= Coyote (Navajo mythology) =

Figure in Navajo mythology

Coyote (Navajo: ) is an irresponsible and trouble-making character who is nevertheless one of the most important and revered characters in Navajo mythology. Even though is the Navajo god of rain, Coyote also has powers over rain. Coyote’s ceremonial name is which means "first scolder". In Navajo tradition, Coyote appears in creation myths, teaching stories, and healing ceremonies.

==Mythology==
Coyote is a key figure in Navajo mythology, and of all the figures in Navajo mythology, Coyote (Mąʼii) is the most contradictory. He is a shadowy figure that can be funny or fearsome. Coyote is greedy, vain, foolish, cunning
and also occasionally displays a degree of power. "In common with Tricksters generally, he serves to test
the bounds of possibilities and order."

Coyote looks like a coyote in animal form and she looks like a sagacious woman in human form.

===Creation myths===
The origin myths present Coyote as an ancient being existing from the beginning and exhibits the general characteristics of the Culture Hero-Trickster.

====Emergence====
The First World is a dark land of mists. First Man and First Woman pass through the Second World which was blue, to the Third where animals, and birds were formed. The Coyote steals Water Buffalo's children, at the instigation of First Woman. Water Buffalo then causes a great flood which forces First Man and First Woman to move on the Fourth (and present) World.

====The Milky Way====
One day Black God was busy making the constellations by carefully ordering the stars in the sky when Coyote became impatient and tossed the remaining stars from a bag, or occasionally a blanket, into the sky, forming the Milky Way. This story explains the reason some stars are dimmer than others, because Black God did not light the ones Coyote blew into the sky on fire. In another version of the story, Black God made the Milky Way on purpose. The Navajo believe it provides a pathway for the spirits traveling between heaven and earth, each little star being one footprint.

====Creation of lunar phases====
Coyote argues against the simplicity of the day and night scheme where animals are awake and animals sleep. This leads to the creation of the movement of the stars, the lunar phases and creation of months. Coyote was also involved in the stories about the naming of the months.

==Stories==
The stories are meant to both entertain and instruct. The point of "The Coyote and the Lizards" is to listen to your elders.

===Changing Bear story===
Coyote wins Changing Bear as his wife and he uses his magic to make her evil like him. Coyote tricks her into having sexual intercourse with him.

After Changing Bear became evil, Coyote taught Changing Bear the way to use water to divine the location of her brothers. Changing Bear used this ability to find her brothers. In human form, she tells her brothers that she wants to comb their hair and remove their lice like she used to do before she was evil, so they turn their backs to her. She then transforms into a she-bear and kills them.

The moral of this story is to not be like Coyote.

===Twin brothers story===
The twin brothers are told by their parents to not hunt far away from home and not to go east, but they do this anyway. The twins return and they tell their parents that they saw Coyote. Their parents warn them to stay away from Coyote and they say Coyote was spying for the Horned Serpent who has been following the Navajo since their existence.
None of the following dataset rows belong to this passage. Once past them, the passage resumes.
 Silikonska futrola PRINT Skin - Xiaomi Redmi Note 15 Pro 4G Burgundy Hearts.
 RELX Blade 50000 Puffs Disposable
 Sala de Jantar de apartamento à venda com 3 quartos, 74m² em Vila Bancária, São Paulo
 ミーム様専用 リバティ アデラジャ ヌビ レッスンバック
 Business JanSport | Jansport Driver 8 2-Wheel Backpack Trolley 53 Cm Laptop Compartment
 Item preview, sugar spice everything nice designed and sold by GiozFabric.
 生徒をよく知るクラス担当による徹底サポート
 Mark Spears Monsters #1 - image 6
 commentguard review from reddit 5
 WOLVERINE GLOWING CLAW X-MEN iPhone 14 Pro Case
===Coyote and the Giant===
Once a giant was terrorizing the land, and eating people, especially small children. Coyote convinced the giant that if he allowed Coyote to break his leg and then heal it by spitting on it, he would be able to run as fast as Coyote. However, this was one of Coyote's tricks, and the giant thereafter found it much more difficult to outrun anything, even small children.

==Coyoteway ceremony==
Coyote is the tutelary spirit of Coyoteway, a healing ceremony. Coyoteway aims to restore harmony with an offended Holy person or persons, in this case Coyote People (including foxes and wolves). In Coyoteway, Coyote is a being who lies behind all Coyote People and, when offended, responds by causing illness. As in all Navajo Holyway healing rituals, the singer acts as a mediator between Coyote, the totemic sponsor of the Coyote clan, and the patient.

==Folklore==
The general view of Coyote in folk belief is generally negative and related to witchcraft. Witches called skin-walkers are believed to be able to adopt the form of a coyote. A Navajo saying holds that if Coyote crosses your path, turn back and do not continue your journey. The coyote is an omen of an unfortunate event or thing in your path or in the near future.